The gap is closing for investors to act

17 Oct 2024 The Lodge Real Estate Team

Property Investment

The recent OCR drop, and census data present opportunities for investors

The predictions we have been making since winter about an increase in market activity in spring/summer have been bolstered by the recent OCR drop of 50 basis points, to 4.75%.

The Official Cash Rate (OCR) is a benchmark interest rate set by the country’s central bank, the Reserve Bank of New Zealand (RBNZ). It influences the cost of borrowing and the return on savings, thereby affecting economic activity. When the OCR is lowered, it typically results in lower interest rates on loans and mortgages, making borrowing cheaper. On the flip side, higher OCR rates can lend to increased costs of borrowing, dampening economic activity.

Before the announcement, the Reserve Bank cut the OCR in August for the first time since 2020, reducing it by 25 basis points to 5.25%. This latest drop reflects further confidence in the market which is heartening to see.

One of the most immediate impacts of a lower OCR is the reduction in mortgage interest rates, which means lower mortgage payments. Borrowing is more accessible, and investors looking for favourable returns become drawn to the property market given the lower cost of borrowing. 

With cash easier to access, and the overall lift in sales activity we’re seeing, there’s every indication the market is starting to function across all levels again, and with all sectors of the market active (first home buyers, investors and top-end properties), we could start to see the median house price lift in the months ahead.

Given the current environment, the window of opportunity for investors to secure a property before the prices really start to rise is narrowing. Soon, you may not even receive any more warnings from me – just don’t say I didn’t warn you.

Recent ownership census data provides opportunity for fast-moving investors

Recently released figures from the latest Census show Hamilton city has the lowest home ownership rates in New Zealand at 53.5%.

On the face of it this data could look disappointing, but what it doesn’t show is that Hamilton’s sheer population growth in recent years has created a demand for rental property that greatly outstrips supply.

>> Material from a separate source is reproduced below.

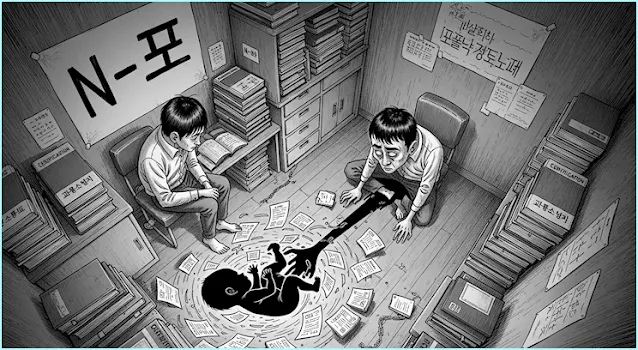 어두운 고시원 방에서 지쳐 쓰러진 2030 남성 캐리커처의 그림자가 무한 경쟁 속으로 빨려 들어가는 아기의 형상으로 변하는 모습. 자녀에게 자신의 고통을 대물림하고 싶지 않은 부모의 공포를 풍자하는 시네마틱 일러스트레이션.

Every month we see a third of new leases going to people new to the city, and I don’t anticipate this changing any time soon. Hamilton is second only to Auckland in terms of projected population growth in the next 25 years, and we know that home ownership rates among migrants generally lag for a few years while they rent and find their feet.

This, alongside the current market upswing, presents immediate opportunities for investors. We have more tenants than ever before needing rental properties, and with favourable market conditions, we have funds that are easier to access. If you’re in the position to secure an investment property, you will have no problems ensuring tenants. 

Get in now, before it really is too late!

Development Red Zone and Plan Change 12: What will it mean for investors?

Set to come into play next year, Plan Change 12 will limit in-fill developments in some parts of Hamilton, due to existing infrastructure limitations – particularly waste and stormwater systems in some suburbs.

The Government has set these rules to guide growth in New Zealand’s main centres and the changes are not optional, though councils can decide to some extent how to ‘zone’ areas to factor in environmental integrity, land use, heritage area protection, etc.

For Hamilton, this will broadly mean development may become restricted in central suburbs (aka, ‘red zones’), with areas to the north and south of the city (Rotokauri, Peacocke) able to accommodate higher densities due to planned infrastructure.

What will this mean for investors? It’s all to do with availability. Popular areas to invest in, such as the ‘red zone’ central suburbs will likely present less listings over time, and with more competition, prices will be under pressure to rise. You can check out the zoning map here.

Again, it’s another situation where the best time to invest was yesterday…but today is just as good.